[What you should do] The lines to reproduce from the material below are those from the one containing "Creator: John Filmer." through the one containing "Toilet-bound Hanako-kun Chapter 55 - Page 4", both included; write them out exactly and add nothing.

##### Available data

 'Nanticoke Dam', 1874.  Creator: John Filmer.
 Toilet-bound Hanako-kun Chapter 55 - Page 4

##########
##### Available data

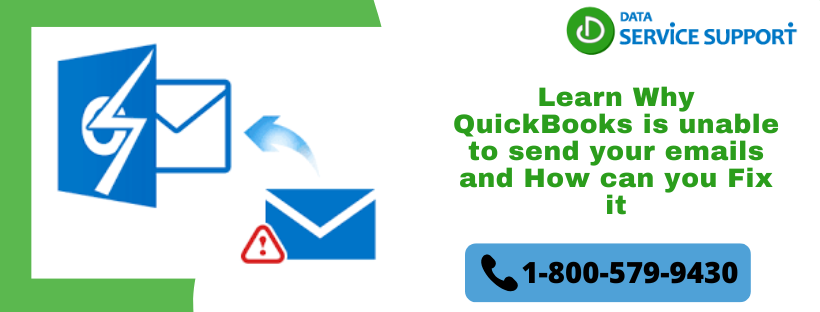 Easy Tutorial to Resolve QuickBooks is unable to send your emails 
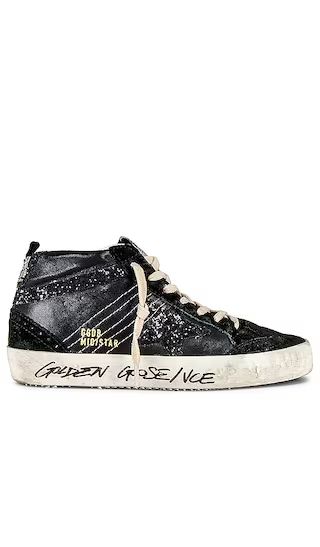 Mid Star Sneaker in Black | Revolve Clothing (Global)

##########
##### Available data

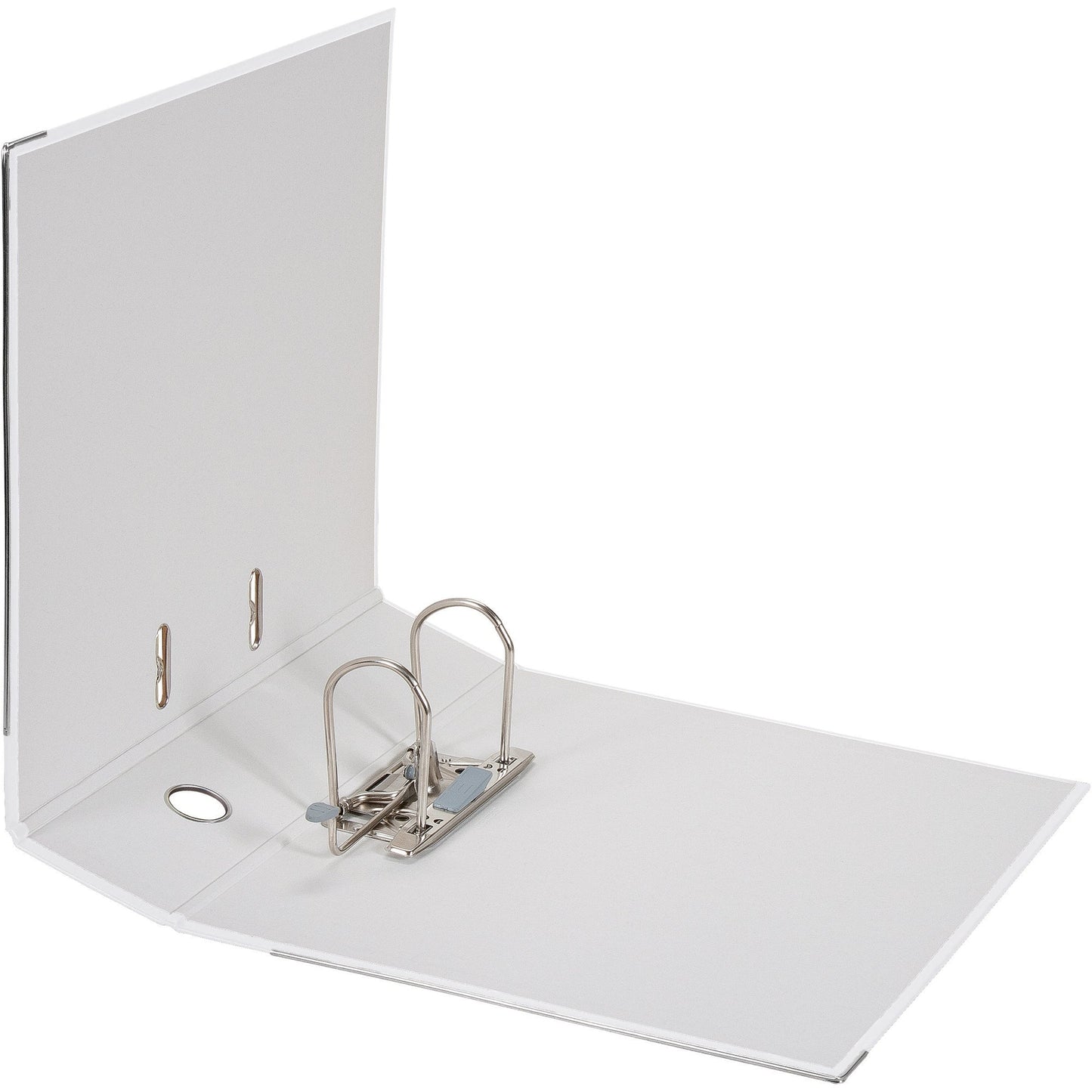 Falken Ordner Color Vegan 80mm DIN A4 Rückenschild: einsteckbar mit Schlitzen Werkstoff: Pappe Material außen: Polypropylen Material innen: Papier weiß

##########

[Solution below]
 'Nanticoke Dam', 1874.  Creator: John Filmer.
 Toilet-bound Hanako-kun Chapter 55 - Page 4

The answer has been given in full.